Transcribe the entries below exactly, starting with the line that has "Beach, FL 33064" and stopping after the line that has "Local commercial à"; no pictures belong in the copy.

## MATERIAL TO PROCESS
_ _ _ _ _

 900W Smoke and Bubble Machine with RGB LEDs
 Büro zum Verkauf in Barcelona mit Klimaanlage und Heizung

_ _ _ _ _

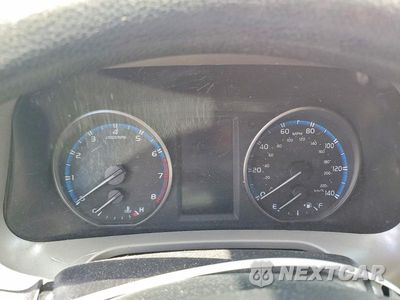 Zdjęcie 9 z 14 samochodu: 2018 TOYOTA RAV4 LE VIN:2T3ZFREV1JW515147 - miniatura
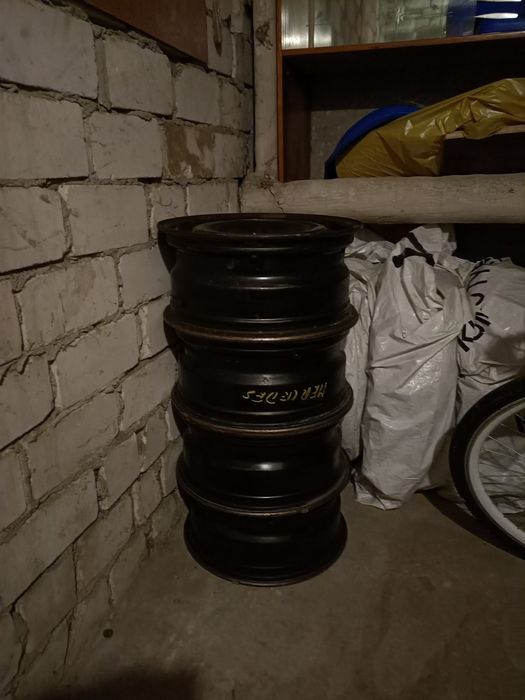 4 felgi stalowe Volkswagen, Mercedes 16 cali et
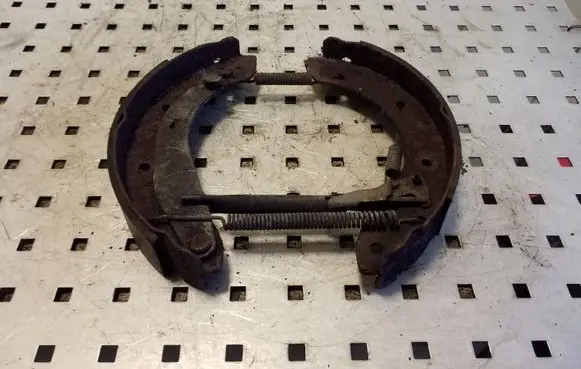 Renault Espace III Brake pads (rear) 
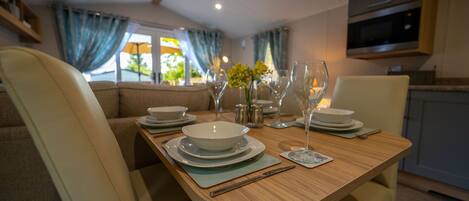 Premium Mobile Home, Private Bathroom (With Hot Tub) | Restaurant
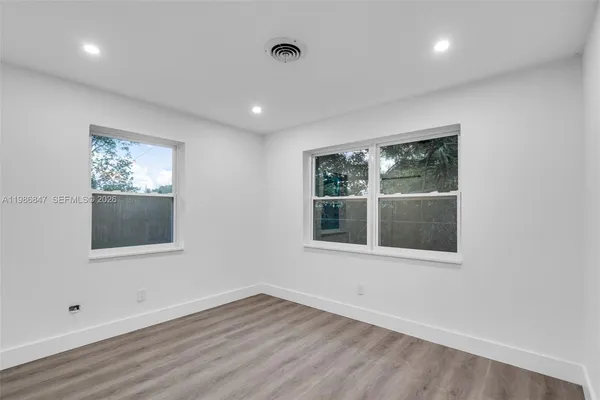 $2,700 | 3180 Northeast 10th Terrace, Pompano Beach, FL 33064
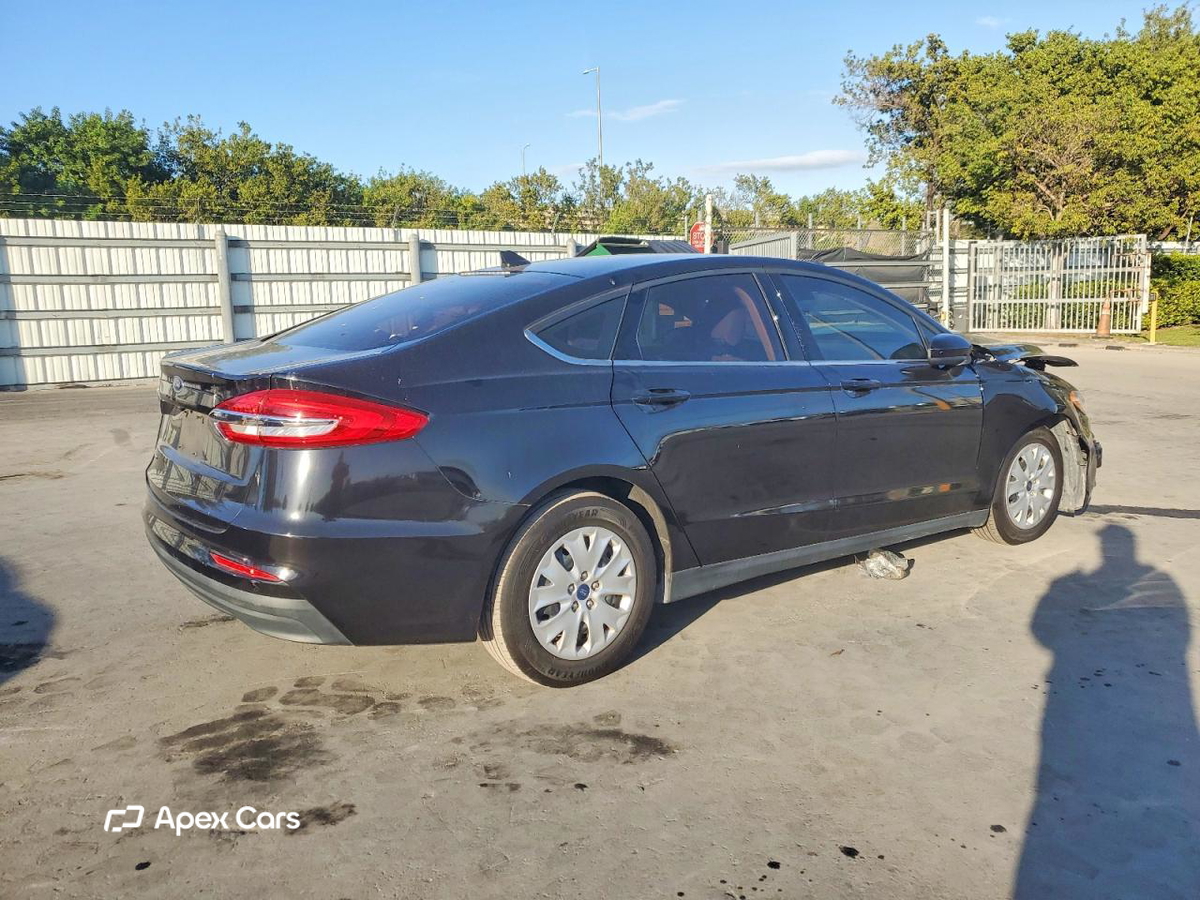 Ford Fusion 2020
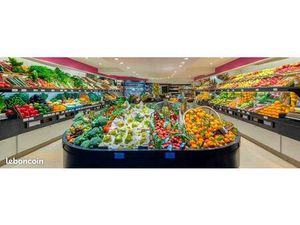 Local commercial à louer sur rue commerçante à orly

_ _ _ _ _

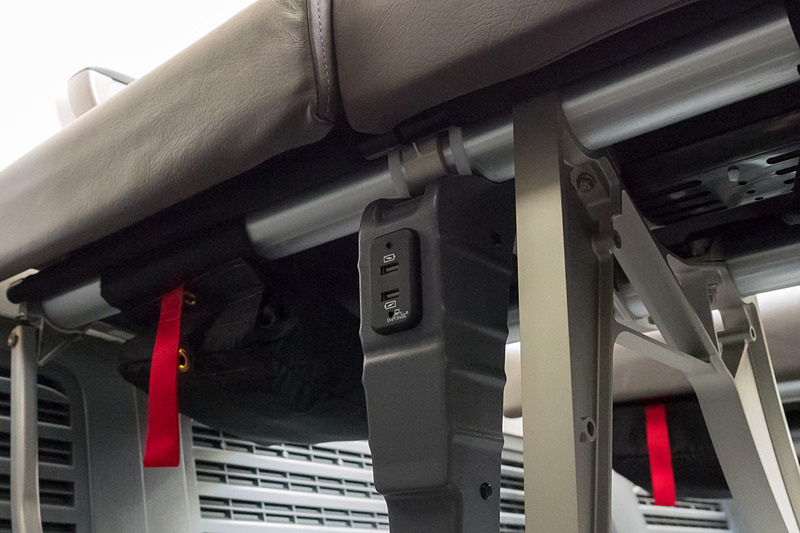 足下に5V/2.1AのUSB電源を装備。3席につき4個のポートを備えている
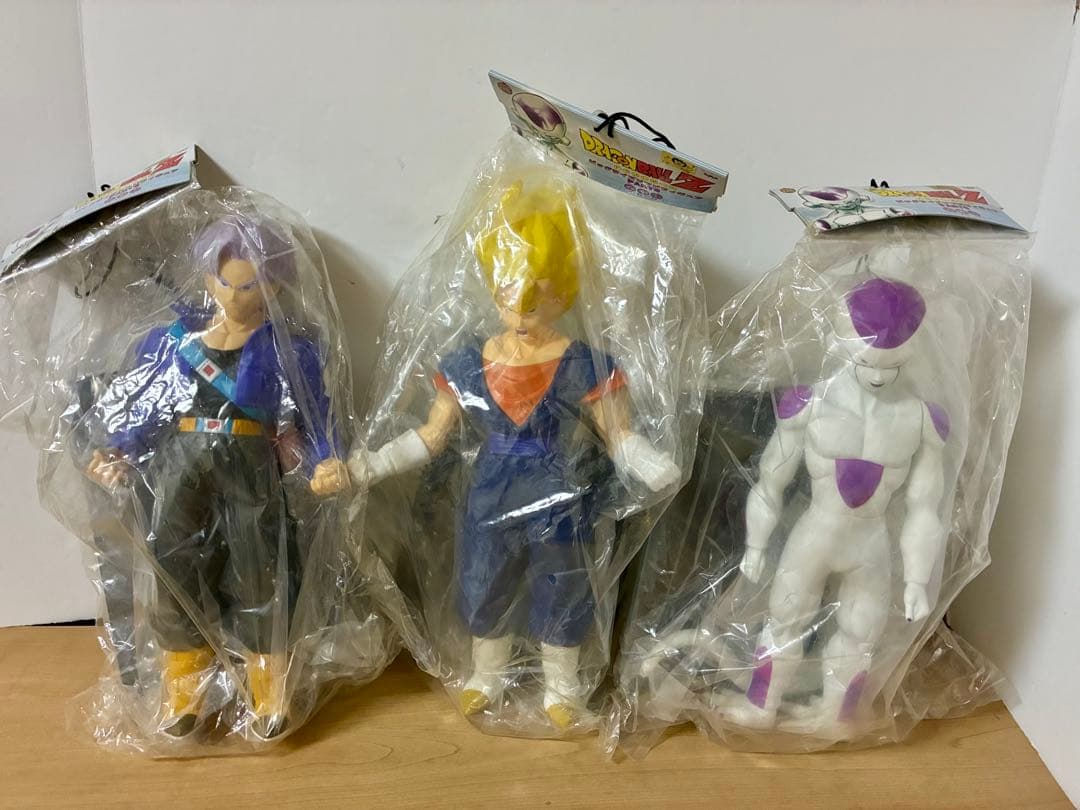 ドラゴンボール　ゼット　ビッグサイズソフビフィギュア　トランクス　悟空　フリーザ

_ _ _ _ _

## SOLVED EXERCISE
 $2,700 | 3180 Northeast 10th Terrace, Pompano Beach, FL 33064
 Ford Fusion 2020
 Local commercial à louer sur rue commerçante à orly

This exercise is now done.